Fair and Balanced

Introduction
Challenges
Data Acquisition
Reading in Our Data
Word Frequency for Titles. What is Being Reported?
TF-IDF for Article Content
Sentiment Analysis
Conclusion & Next Steps

Introduction

An interest of mine has always been to look at ways in which news media could be biased. I want to ask the question: Is there a way to measure or find patterns in how a politically left-leaning news source differs from a right-leaning news source? What are some key differences that identify a right or left-leaning news source?

The scope of this project was challenging in that there are countless news sites through the internet. I have also had to address questions of legitimacy, journalistic integrity, and standards where some sites like InfoWars pass unvalidated conspiracy theories as news. To help in deciding what news sites to look at, I found a study from the University of Michigan that classifies a news source based on the left or right leaning tendencies of their reader base. https://guides.lib.umich.edu/c.php?g=637508&p=4462444

Before I begin describing my process, I will first address the many challenges I experienced for this project.

Challenges

I found a news API that would allow for download of articles, but they required a payment that I could not justify for this project. Just to make sure, I checked the free content from the API. First let’s load the libraries we’ll use throughout the project.

library(jsonlite)
library(tidyverse)
library(tidytext)
library(data.table)
library(SnowballC)
library(stringr)
library(RColorBrewer)

Below I obtained an API key from https://www.newsapi.org. On looking at the data, more specifically the article content, we notice that the content is truncated.

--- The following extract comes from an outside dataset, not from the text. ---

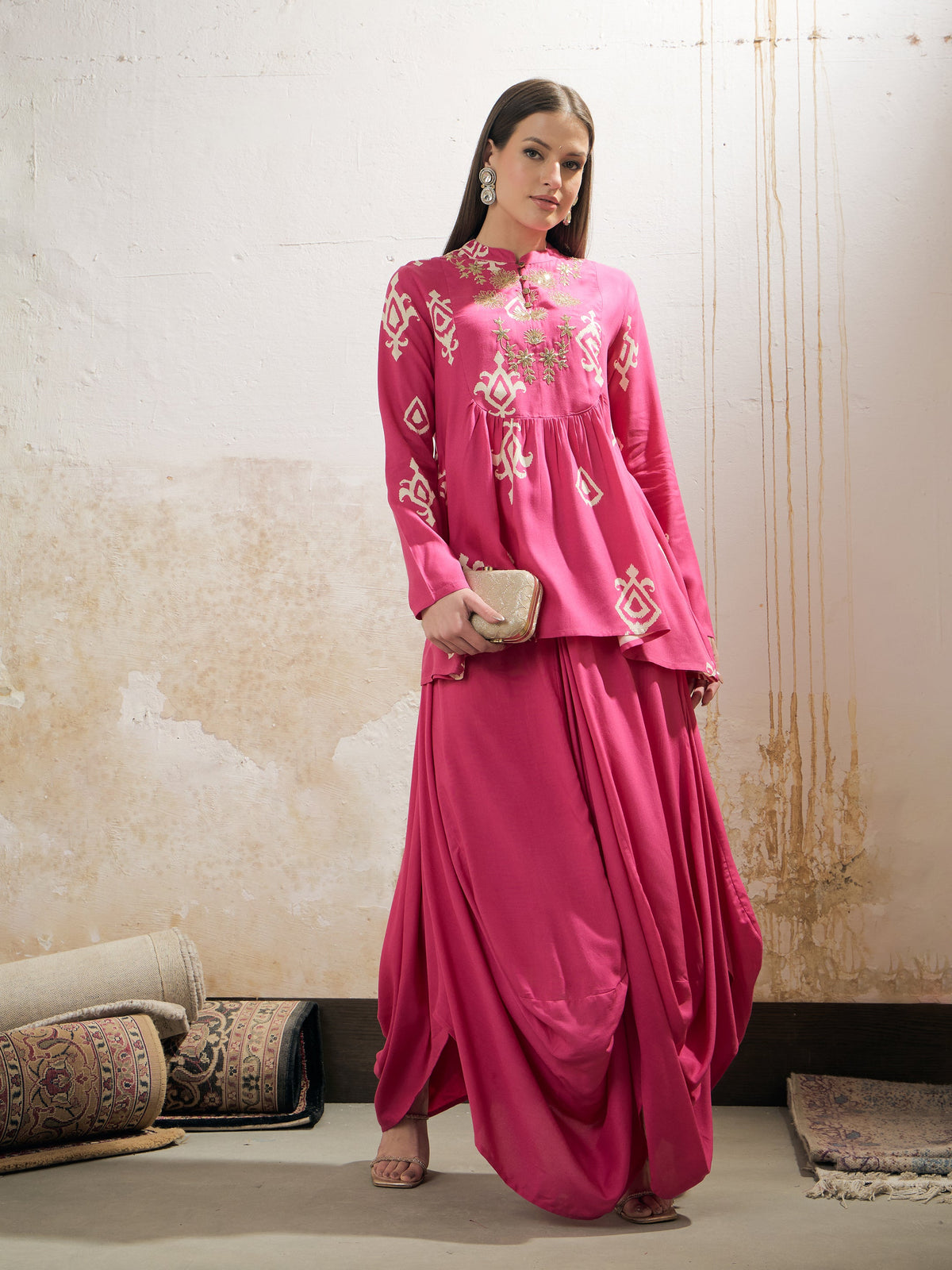 Pink Motif Embroidered Rayon Peplum Top With Solid Dhoti Skirt -Shae by SASSAFRAS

#stores our main url in a variable
url <- 'https://newsapi.org/v2/everything?domains=npr.org&' 

all_articles <- fromJSON(paste(url, api_key, sep = ""), flatten = TRUE) %>%
  data.frame()

knitr::kable(head(all_articles$articles.content), format = "html")

x
President Trump has appointed Gen. Mark Milley to succeed Joint Chiefs Chairman Gen. Joseph Dunford. Andrew Harnik/AP President Trump made the announcement via Twitter. “I am pleased to announce my nomination of four-star Gen. Mark Milley, Chief of Staff of t… [+1195 chars]
Bradley Cooper plays Jackson Maine, a musician struggling with addiction, in A Star Is Born. Peter Lindbergh/Warner Bros. Fresh Air Weekend highlights some of the best interviews and reviews from past weeks, and new program elements specially paced for weeken… [+862 chars]
National flags are seen along the road to Eritrea in Zalambessa, northern Ethiopia, in September before a border reopening ceremony. Two land border crossings between Ethiopia and Eritrea were reopened for the first time in nearly 20 years. AFP/Getty Images A… [+5534 chars]
In Anna and the Apocalypse, Ella Hunt plays the titular teenager Anna, who fends off a zombie invasion in song. Gerardo Jaconelli/Orion Pictures Anna and the Apocalypse is a [checks notes] Scottish zombie Christmas high school musical. It drew raves in Great … [+4537 chars]
The Ferryman follows the large family of a man who was “disappeared” in the Northern Ireland conflicts of the late 20th century. Paddy Considine (standing) plays Quinn, the head of the family and the brother of the dead man. Joan Marcus/Courtesy of The Ferrym… [+5326 chars]
NA

This prompted me to decide to do a webscrape.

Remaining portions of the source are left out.